Roundly jeered on their home turf, the England national team were in the doldrums after an abject Rugby World Cup last November, failing to advance beyond the group stage.
Since then, however, they have enjoyed a sharp upturn in form under new coach Eddie Jones, and achieved a coveted Grand Slam in the recent Six Nations Championships, beating Ireland, Scotland, France, Wales and Italy.
While this has sparked talk that they could be among rugby's elite again very soon, one of their greatest adversaries - former Australia national captain George Gregan - has insisted that it is still early days to label the Red Roses as genuine world competitors.
The 42-year-old, who was in town for last weekend's HSBC Singapore Sevens as a HSBC ambassador, said: "They are improving, that's for sure. I don't mean to downgrade the Six Nations, but all four semi-finalists in the World Cup last year - South Africa, Australia, New Zealand and Argentina - belonged to the southern hemisphere."
Gregan believes that the upcoming three-Test series in June, against his native Australia, will represent the perfect opportunity for England to make a statement.
He said: "When you improve, you want to test yourself and play against better teams and see where you're at. I think this tour will bring the best out of this England team, to see where they're truly at."
He also credited his countryman Jones as a key reason for England's quick turnaround.
Jones, who was in charge of the Japan team who shocked South Africa at last year's World Cup, took over the reins from Stuart Lancaster when the latter resigned after England's poor tournament.
Said Gregan, who was coached by Jones during his time with the Wallabies, said: "He knows how to get players in the best possible condition physically and mentally, to compete at a consistent level.
"He's a very special coach, he knows how to win, identifies talent and brings on young players."
He picked out young lock Maro Itoje, who made his full England debut in the Six Nations match against Ireland, as one player who has benefited from Jones' willingness to give his young charges a chance to shine.
Gregan, who owns a coffee-shop business (GG's Espresso), added: "As a player you want to improve, but it's up to the coaches to give you the tools and environment to get better, and (Jones) is one of these coaches."

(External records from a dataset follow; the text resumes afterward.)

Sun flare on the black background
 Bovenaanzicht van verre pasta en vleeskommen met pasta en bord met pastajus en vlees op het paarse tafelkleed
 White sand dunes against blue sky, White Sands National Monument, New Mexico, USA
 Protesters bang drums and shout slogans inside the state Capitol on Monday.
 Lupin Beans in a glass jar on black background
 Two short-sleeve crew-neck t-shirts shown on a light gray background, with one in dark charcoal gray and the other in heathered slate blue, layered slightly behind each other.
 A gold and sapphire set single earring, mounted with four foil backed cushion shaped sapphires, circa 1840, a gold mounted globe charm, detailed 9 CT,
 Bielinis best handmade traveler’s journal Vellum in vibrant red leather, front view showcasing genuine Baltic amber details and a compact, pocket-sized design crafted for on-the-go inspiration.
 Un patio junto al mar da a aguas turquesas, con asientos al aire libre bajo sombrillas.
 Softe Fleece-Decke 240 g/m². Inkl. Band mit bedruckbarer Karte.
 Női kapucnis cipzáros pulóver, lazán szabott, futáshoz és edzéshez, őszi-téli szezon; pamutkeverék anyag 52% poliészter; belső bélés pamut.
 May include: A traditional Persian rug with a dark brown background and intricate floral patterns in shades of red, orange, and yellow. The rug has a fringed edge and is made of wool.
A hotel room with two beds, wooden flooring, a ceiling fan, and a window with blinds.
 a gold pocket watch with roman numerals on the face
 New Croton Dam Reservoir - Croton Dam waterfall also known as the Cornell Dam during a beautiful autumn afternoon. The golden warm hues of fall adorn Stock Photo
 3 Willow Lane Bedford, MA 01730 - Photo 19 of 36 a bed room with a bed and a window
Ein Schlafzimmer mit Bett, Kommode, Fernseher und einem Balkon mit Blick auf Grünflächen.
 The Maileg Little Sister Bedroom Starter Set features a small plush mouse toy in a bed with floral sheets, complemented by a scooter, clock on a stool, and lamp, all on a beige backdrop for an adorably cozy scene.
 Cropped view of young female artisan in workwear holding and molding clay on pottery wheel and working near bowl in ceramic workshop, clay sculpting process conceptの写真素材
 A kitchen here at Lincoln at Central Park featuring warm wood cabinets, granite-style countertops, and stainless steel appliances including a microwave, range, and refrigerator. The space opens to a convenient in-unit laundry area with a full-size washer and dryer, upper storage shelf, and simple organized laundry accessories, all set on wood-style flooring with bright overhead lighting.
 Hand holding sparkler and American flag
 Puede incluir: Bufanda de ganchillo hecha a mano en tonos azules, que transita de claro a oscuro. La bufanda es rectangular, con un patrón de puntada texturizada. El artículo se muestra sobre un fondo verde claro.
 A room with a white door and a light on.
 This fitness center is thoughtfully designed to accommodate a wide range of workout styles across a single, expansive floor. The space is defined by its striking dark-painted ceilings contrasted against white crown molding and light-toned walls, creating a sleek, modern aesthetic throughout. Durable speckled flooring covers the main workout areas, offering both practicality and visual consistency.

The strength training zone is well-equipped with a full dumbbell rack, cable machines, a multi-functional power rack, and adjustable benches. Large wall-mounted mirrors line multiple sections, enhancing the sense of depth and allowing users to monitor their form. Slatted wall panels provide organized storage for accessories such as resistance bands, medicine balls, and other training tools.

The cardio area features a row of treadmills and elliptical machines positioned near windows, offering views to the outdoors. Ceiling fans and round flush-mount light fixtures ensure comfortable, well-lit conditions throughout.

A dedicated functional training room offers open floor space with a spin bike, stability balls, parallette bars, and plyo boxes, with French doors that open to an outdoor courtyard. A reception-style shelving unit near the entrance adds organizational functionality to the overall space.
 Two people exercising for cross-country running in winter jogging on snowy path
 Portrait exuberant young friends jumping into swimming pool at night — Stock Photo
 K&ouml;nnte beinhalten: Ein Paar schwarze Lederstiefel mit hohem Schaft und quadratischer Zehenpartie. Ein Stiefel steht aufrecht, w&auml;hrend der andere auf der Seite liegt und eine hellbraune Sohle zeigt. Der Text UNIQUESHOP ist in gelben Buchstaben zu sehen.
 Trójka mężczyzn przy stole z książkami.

Though he acknowledges that England, with their new coach and up-and-coming players, are on the right track, Gregan believes they have to keep the momentum going after their Six Nations win.
He said: "Australia were in the final of the World Cup, but that was in November, it's a long time ago. You can't say for sure who is the No. 2 team in the world right now, after New Zealand.
"What you love about a very good team like New Zealand is that they'll play any game at the highest level.
"But if they're a bit off… all of a sudden you have a contest. That's the beauty of sport. England can't afford to rest on their laurels."